* _TASK DESCRIPTION_
Line by line, restate the material word for word, omitting any image.

* _PROVIDED MATERIAL_
★ ★ ★ ★

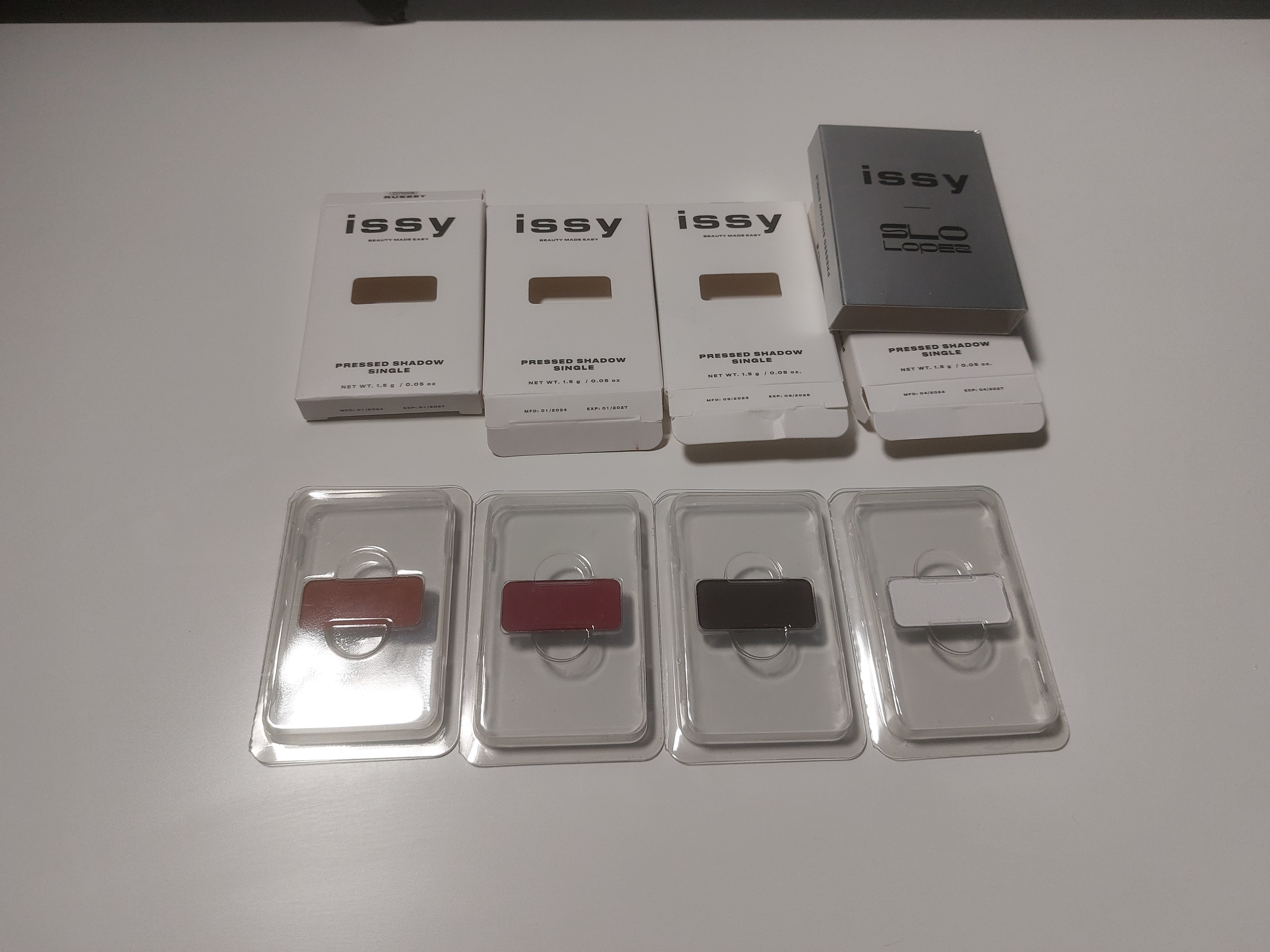 Four single eyeshadow pads in partially opened packaging. Each pad is displayed in a clear plastic container, and the colors appear to be red, dark red, black, and white. Above the pads, there are four white boxes labeled "issy" with the words "Pressed Shadow Single." One box is silver with "SLO Lopez" branding, also labeled as a pressed shadow. The products are arranged on a plain white surface.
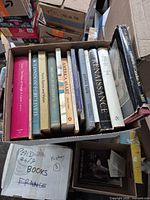 Box of assorted art and photography books showing spines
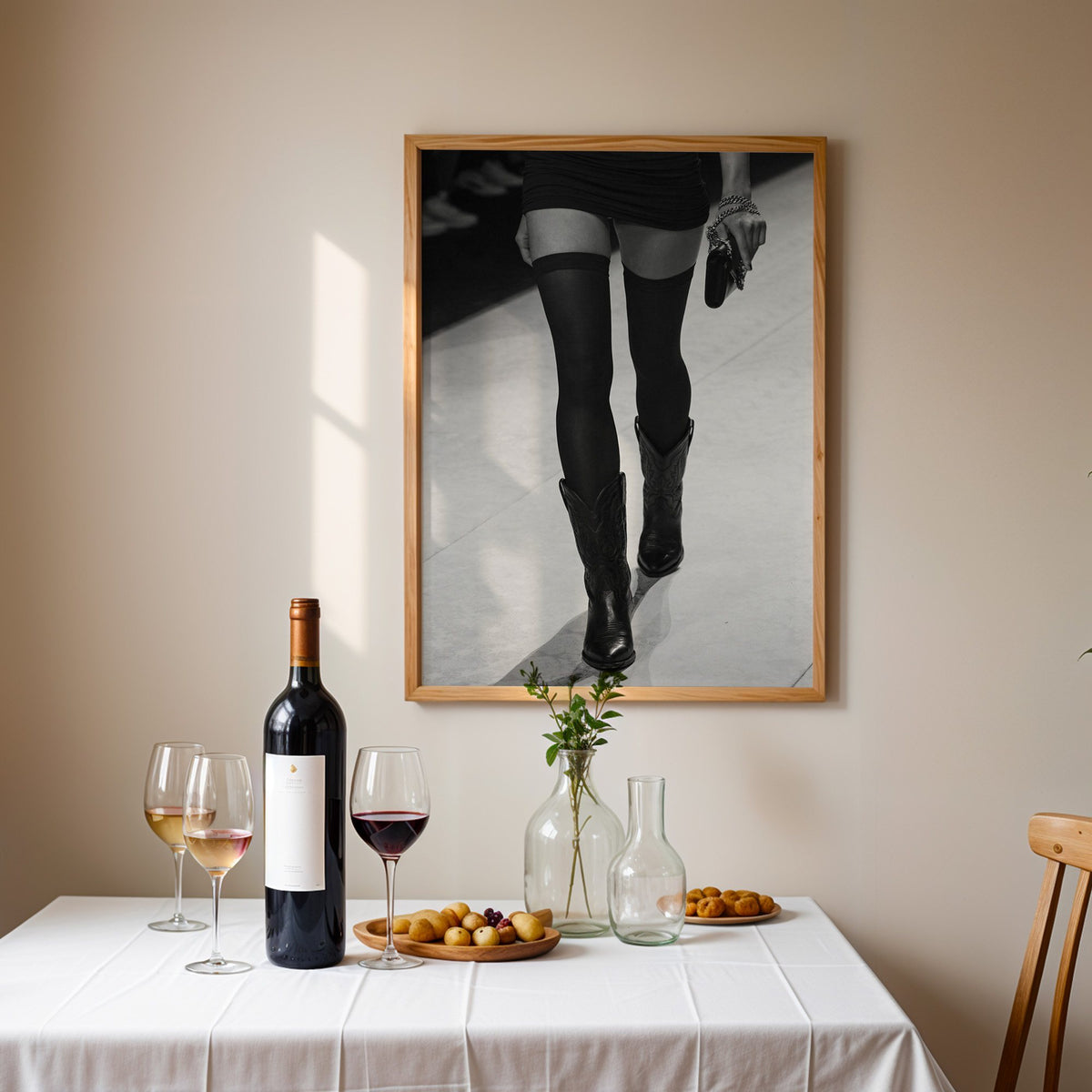 Legs in stockings and cowboy boots on runway print in an oak frame above a table set with red wine and glasses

★ ★ ★ ★

* _FINAL ANSWER_
 Four single eyeshadow pads in partially opened packaging. Each pad is displayed in a clear plastic container, and the colors appear to be red, dark red, black, and white. Above the pads, there are four white boxes labeled "issy" with the words "Pressed Shadow Single." One box is silver with "SLO Lopez" branding, also labeled as a pressed shadow. The products are arranged on a plain white surface.
 Box of assorted art and photography books showing spines
 Legs in stockings and cowboy boots on runway print in an oak frame above a table set with red wine and glasses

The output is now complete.